#### Problem to solve
Reproduce the listing in its entirety. Do not reproduce the pictures.

#### Material provided
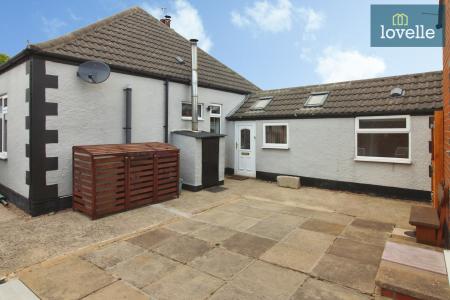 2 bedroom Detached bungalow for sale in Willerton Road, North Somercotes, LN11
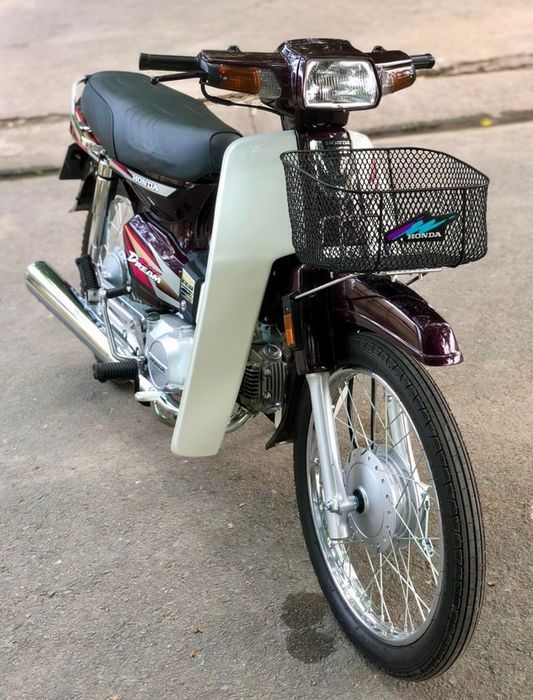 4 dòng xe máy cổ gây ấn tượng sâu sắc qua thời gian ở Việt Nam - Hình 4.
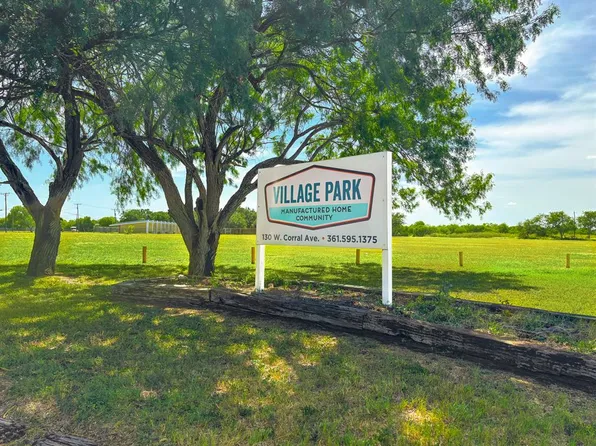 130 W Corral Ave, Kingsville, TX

#### Answer to the exercise
 2 bedroom Detached bungalow for sale in Willerton Road, North Somercotes, LN11
 4 dòng xe máy cổ gây ấn tượng sâu sắc qua thời gian ở Việt Nam - Hình 4.
 130 W Corral Ave, Kingsville, TX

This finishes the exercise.